Alto y claro
José Antonio Carrizosa
¿Merece la pena?
LA degradación progresiva de la actividad escolar sea, tal vez, una de las causas más tristes en la que se esconde la realidad tras el simple hecho de un inocente cambio de nombre. Desde un tiempo a acá, con un propósito no muy claro, aparece con frecuencia en los medios, en general, y en las instituciones, en particular, la utilización del término enseñante como sinónimo de maestro, de educador.

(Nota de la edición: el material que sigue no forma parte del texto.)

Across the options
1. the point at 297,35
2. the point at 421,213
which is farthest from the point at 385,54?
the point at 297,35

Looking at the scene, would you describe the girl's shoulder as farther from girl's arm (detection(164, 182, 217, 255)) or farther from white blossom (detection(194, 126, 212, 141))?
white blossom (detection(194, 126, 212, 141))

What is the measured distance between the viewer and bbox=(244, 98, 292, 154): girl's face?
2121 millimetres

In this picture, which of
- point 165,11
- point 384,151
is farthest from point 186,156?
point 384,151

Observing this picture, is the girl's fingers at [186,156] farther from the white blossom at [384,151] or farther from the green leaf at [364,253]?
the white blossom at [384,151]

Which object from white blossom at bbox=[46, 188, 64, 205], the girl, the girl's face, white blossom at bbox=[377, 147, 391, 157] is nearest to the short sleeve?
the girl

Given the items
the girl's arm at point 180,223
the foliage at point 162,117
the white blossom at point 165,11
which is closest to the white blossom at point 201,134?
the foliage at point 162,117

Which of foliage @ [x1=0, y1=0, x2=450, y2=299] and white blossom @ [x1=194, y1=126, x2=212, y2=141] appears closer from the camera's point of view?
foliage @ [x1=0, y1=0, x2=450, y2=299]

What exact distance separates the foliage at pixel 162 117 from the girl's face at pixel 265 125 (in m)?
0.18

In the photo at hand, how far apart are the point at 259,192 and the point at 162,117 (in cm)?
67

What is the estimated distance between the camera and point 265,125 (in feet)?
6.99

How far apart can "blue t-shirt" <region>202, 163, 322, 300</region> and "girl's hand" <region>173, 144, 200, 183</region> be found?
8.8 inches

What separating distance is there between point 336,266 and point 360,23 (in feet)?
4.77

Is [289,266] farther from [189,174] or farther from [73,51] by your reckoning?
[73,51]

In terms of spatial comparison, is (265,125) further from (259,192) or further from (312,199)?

Hasta hace relativamente poco tiempo, las personas dedicadas profesionalmente a la enseñanza y a la educación eran llamadas por todo el mundo maestros o profesores; hoy, muchos de estos profesionales se llaman a sí mismos enseñantes o trabajadores de la enseñanza.
Evidentemente, hay una razón para ello; puesto que la función del que desarrolla un trabajo en un centro escolar es la enseñanza. Lo que sucede es que con el cambio de terminología se hace superficial una tarea que debería ser más profunda, ya que enseñar significa mostrar, exhibir… hacer ver algo, en definitiva.

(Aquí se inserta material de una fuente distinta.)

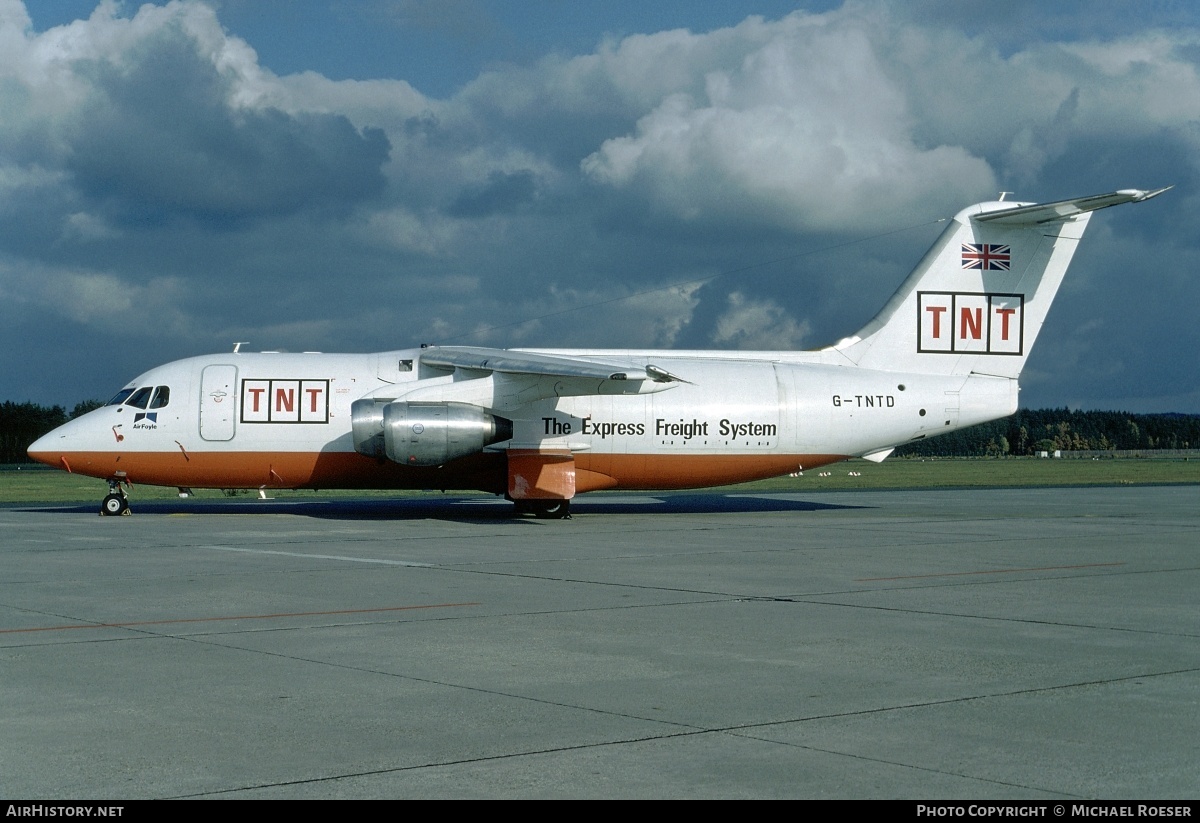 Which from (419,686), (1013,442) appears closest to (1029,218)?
(419,686)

En la función docente, por el contrario, el enseñar del profesor o del maestro es ayudar a descubrir la realidad con la intención de que ese descubrimiento sirva como factor de desarrollo de las posibilidades personales de conocer que tiene aquel a quien se enseña.
Enseñante es el comerciante que muestra su mercancía con evidente intención de que la compren; enseñante es el empleado de una librería que nos muestra distintos catálogos con igual intención; enseñante es el agente de circulación que indica el camino a seguir; enseñante es el guía de una agencia turística que nos explica la monumentalidad de una ciudad, etcétera.

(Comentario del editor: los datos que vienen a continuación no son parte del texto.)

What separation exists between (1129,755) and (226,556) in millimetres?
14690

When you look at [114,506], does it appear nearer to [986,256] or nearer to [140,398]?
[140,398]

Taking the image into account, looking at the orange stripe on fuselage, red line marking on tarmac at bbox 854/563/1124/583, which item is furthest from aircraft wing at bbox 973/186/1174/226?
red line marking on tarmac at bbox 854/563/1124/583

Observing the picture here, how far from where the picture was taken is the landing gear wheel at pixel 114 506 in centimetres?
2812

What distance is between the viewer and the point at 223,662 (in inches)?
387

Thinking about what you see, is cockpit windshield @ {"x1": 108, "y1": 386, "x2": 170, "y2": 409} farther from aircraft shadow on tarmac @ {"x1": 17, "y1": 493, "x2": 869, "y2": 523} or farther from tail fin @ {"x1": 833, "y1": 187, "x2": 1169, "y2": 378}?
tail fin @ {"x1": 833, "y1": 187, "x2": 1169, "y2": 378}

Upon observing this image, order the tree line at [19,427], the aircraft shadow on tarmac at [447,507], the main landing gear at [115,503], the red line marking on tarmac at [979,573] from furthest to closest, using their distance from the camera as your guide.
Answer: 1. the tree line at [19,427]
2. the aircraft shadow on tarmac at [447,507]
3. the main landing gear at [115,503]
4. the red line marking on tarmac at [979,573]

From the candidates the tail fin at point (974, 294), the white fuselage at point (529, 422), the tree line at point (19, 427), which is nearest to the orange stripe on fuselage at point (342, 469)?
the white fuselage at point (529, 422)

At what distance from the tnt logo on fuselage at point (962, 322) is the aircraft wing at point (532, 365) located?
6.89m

En cuanto a que el profesor o maestro se llame trabajador de la enseñanza hay también otra razón, ya que la enseñanza es un trabajo, evidentemente; como también lo es hacer el pan o arar una finca. De cualquier modo, me resulta desconsolador la utilización del término porque se adivina un trasfondo discriminador, minimizador y corrosivo en el intento de rebajar la noble, sacrificada y generosa misión de educar por mucho que se empeñen algunos líderes sindicales en argumentar que son trabajadores de la enseñanza porque trabajan y les pagan para ello.
Estamos de acuerdo en que el profesor tiene derecho a que su trabajo sea retribuido para poder llevar una vida digna y decorosa, de acuerdo con su preparación y función social. Pero no se puede admitir el que la justificación retributiva se presente como causa principal de la dedicación profesional.
En toda tarea docente entran en juego las condiciones personales del profesor, como factor que, imprescindiblemente, ha de influir en el proceso de aprendizaje del alumno.
Los conocimientos que el profesor ha de poseer sólo son una parte en el proceso educativo. Hemos de tener en cuenta que la acción docente no tiene la misma calidad y eficacia cuando se realiza de una forma ilusionada que cuando se lleva a cabo simplemente por el provecho material.
Renunciar a llamarse maestro para llamarse "trabajador de la enseñanza", porque se cobra un salario; renunciar a llamarse profesor o maestro por llamarse "enseñante", no son simplemente actitudes realistas que colocan la profesión en su lugar adecuado sino es renunciar a considerar que la acción docente es una tarea profundamente humana.
Cuando no se acepta la diferencia esencial del hombre respecto a la materia, cuando no se le considera portador de valores y se tiene un concepto mecanicista del hombre y de la educación, nos da lo mismo hablar de maestro, profesor, enseñante o trabajador de la enseñanza, porque en el fondo no se le está considerando su tarea esencialmente humana.